And then trained the model using some random data,


x = np.random.randint(0, 90, size=(10, 45))
y = np.random.normal(size=(10, 45, 50))
history = autoencoder.fit(x, y, epochs=NUM_EPOCHS)

This solution worked fine. I feel like the issue might be the way you are feeding in labels/outputs for MSE calculation.

Update

Context

In the original problem, you are attempting to reconstruct word embeddings using a seq2seq model, where embeddings are fixed and pre-trained. However you want to use a trainable embedding layer as a part of the model it becomes very difficult to model this problem. Because you don't have fixed targets (i.e. targets change every single iteration of the optimization because your embedding layer is changing). Furthermore this will lead to a very unstable optimization problem, because the targets are changing all the time.

Fixing your code

If you do the following you should be able to get the code working. Here embeddings is the pre-trained GloVe vector numpy.ndarray.

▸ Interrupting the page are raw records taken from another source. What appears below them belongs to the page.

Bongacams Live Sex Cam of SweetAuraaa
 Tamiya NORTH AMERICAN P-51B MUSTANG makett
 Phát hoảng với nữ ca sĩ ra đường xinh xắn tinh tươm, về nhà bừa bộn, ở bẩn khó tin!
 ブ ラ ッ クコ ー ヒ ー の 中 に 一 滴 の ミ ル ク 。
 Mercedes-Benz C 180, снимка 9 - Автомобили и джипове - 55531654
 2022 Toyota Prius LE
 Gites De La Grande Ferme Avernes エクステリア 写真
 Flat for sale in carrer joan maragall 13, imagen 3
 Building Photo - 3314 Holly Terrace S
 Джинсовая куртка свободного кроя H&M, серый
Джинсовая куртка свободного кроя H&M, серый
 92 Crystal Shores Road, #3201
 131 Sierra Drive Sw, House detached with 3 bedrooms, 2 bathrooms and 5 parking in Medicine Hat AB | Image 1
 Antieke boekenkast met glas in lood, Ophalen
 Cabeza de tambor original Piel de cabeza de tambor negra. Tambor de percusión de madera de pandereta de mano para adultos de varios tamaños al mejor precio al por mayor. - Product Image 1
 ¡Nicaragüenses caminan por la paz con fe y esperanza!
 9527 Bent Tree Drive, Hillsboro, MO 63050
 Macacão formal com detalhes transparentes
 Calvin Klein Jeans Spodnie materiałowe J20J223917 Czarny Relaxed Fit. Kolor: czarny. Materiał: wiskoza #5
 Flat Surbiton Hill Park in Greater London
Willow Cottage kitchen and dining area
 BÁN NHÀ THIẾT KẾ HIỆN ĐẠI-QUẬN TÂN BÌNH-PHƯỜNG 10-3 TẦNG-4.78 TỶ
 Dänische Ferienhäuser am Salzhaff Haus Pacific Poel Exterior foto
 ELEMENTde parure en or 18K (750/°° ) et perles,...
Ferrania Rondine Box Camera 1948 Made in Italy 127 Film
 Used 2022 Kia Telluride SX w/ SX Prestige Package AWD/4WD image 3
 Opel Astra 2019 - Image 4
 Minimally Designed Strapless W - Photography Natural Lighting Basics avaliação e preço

def sentence_generator(X, embeddings, batch_size):
    while True:
        # loop once per epoch
        num_recs = X.shape[0]
        embed_size = embeddings.shape[1]
        indices = np.random.permutation(np.arange(num_recs))
        # print(embeddings.shape)
        num_batches = num_recs // batch_size
        for bid in range(num_batches):
            sids = indices[bid * batch_size : (bid + 1) * batch_size]
            # Xbatch is a [batch_size, seq_length] array
            Xbatch = X[sids, :] 

            # Creating the Y targets
            Xembed = embeddings[Xbatch.reshape(-1),:]
            # Ybatch will be [batch_size, seq_length, embed_size] array
            Ybatch = Xembed.reshape(batch_size, -1, embed_size)
            yield Xbatch, Ybatch